Audimaxismus & Utopie

Für meine Kolumne TELESKOP in Ausgabe 60 von planet, der Zeitung der Grünen Bildungswerkstatt.
In der künstlichen Behaglichkeit des Club-2-Garnitur saßen sie einander gegenüber: Rektor und Hochschülerschaftsvorsitzende, Erzählfürst und Jusstudent, Alt-68er und Wirtschaftskämmerer, Studiermaus und Rebellin. Die Sofarunde des Staatsfunks reagierte spät – schlappe drei Wochen nach der Besetzung von Audimax und anderen Hörsälen – aber immerhin reagierte sie und ließ erörtern, „was die Studenten wirklich wollen”.
Dabei war die Frage völlig falsch gestellt, denn sämtliche Antworten beschäftigten sich damit, was die rebellierenden StudentInnen wirklich NICHT wollen. Überfüllte Hörsäle nämlich, Lotteriesysteme bei der Vergabe von Seminarplätzen und Praktika, Betreuungsverhältnisse im hohen dreistelligen Bereich, die Verschulung der Universität, die Ökonomisierung der Lehre, das Perpetuieren von Klassenunterschieden, die soziale Vererbbarkeit von Bildung.
Geht nicht, haben wir nicht, können wir nicht. Ist utopisch, ist naiv, ist weltfremd, gibt’s nicht einmal in Skandinavien. Rektor, Kämmerer und den konservativen Jusstudenten gingen bald die Argumente gegen die Legitimität der Forderungen aus. Ahnten sie, dass es bei der Besetzung von Audimax und der mittlerweile in die Hundert gehenden Hörsäle in ganz Europa um mehr geht, als um die Frage, wer bei der Vorlesung am Boden sitzen muss und wer die harte Bank drücken darf? Gar um die Frage, wohin unsere Gesellschaft gehen soll? In die nächste Runde eines unmenschlichen Gewinnkarussels oder in die Nachdenkpause eines aufgeklärten Diskussionsprozesses.

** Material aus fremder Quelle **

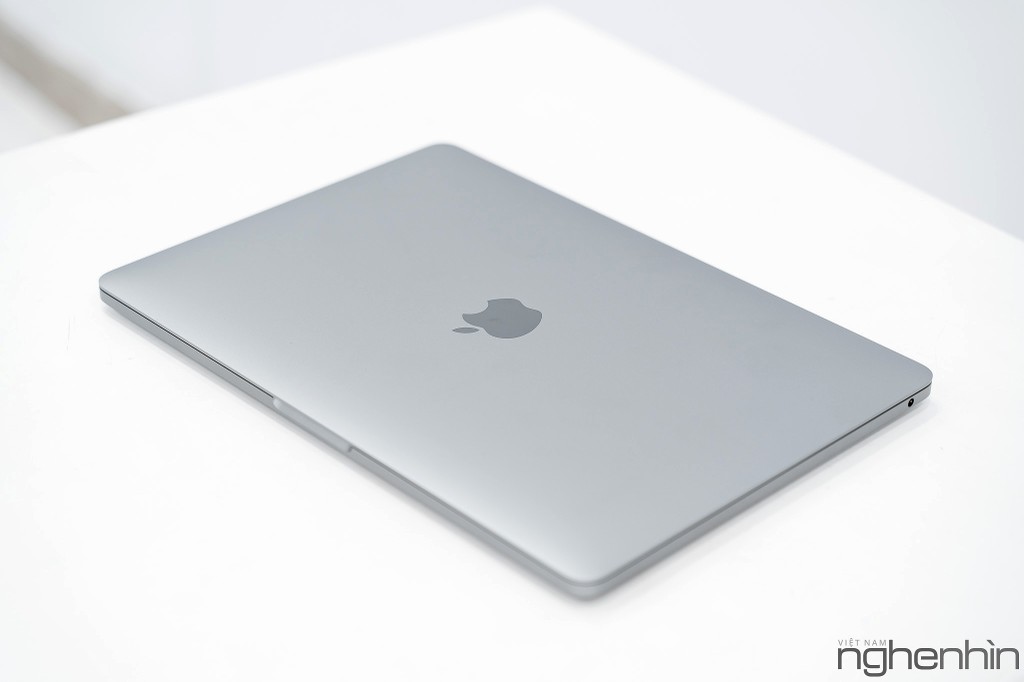 Trên tay Macbook Pro 2020 13 inch tại Việt Nam, giá hơn 41 triệu! ảnh 1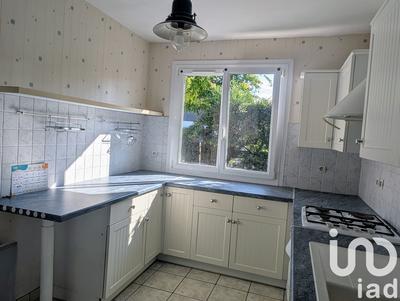 Maison - 97 m² - 6 pièces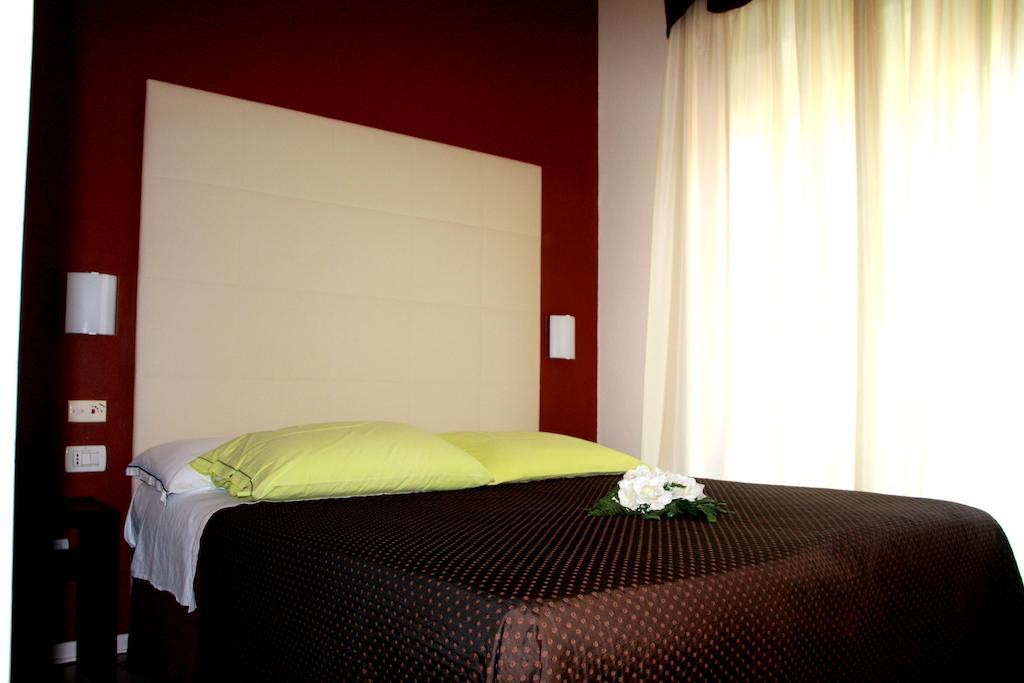 Hotel Monica Cervia Ruang foto
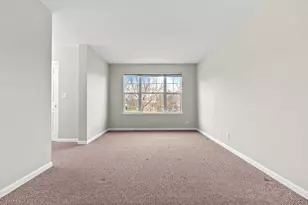 1037 Huntington Dr, Elk Grove Village, IL 60007 - Photo 13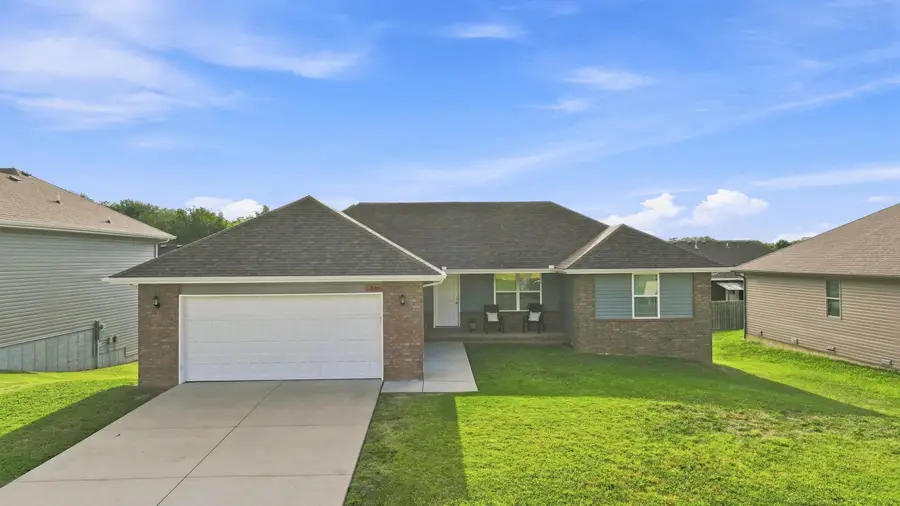 1340 S Rome Avenue, Republic, MO 65738 - #2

Die Forderungen der BesetzerInnen änderten sich ständig, monierte die Protestgegnerin. Das müssen sie auch, konterte die Audimaxistin, das sei das Wesen eines Diskursprozesses. An der Bruchlinie zwischen den beiden Studentinnen wurde das Wesen des Konfliktes unmittelbar sichtbar. Hie eine auf biografische Planungssicherheit Konditionerte, da eine postökonomistische Aufgeklärte, der es um nicht weniger geht, als um das Projekt Weltverbesserung.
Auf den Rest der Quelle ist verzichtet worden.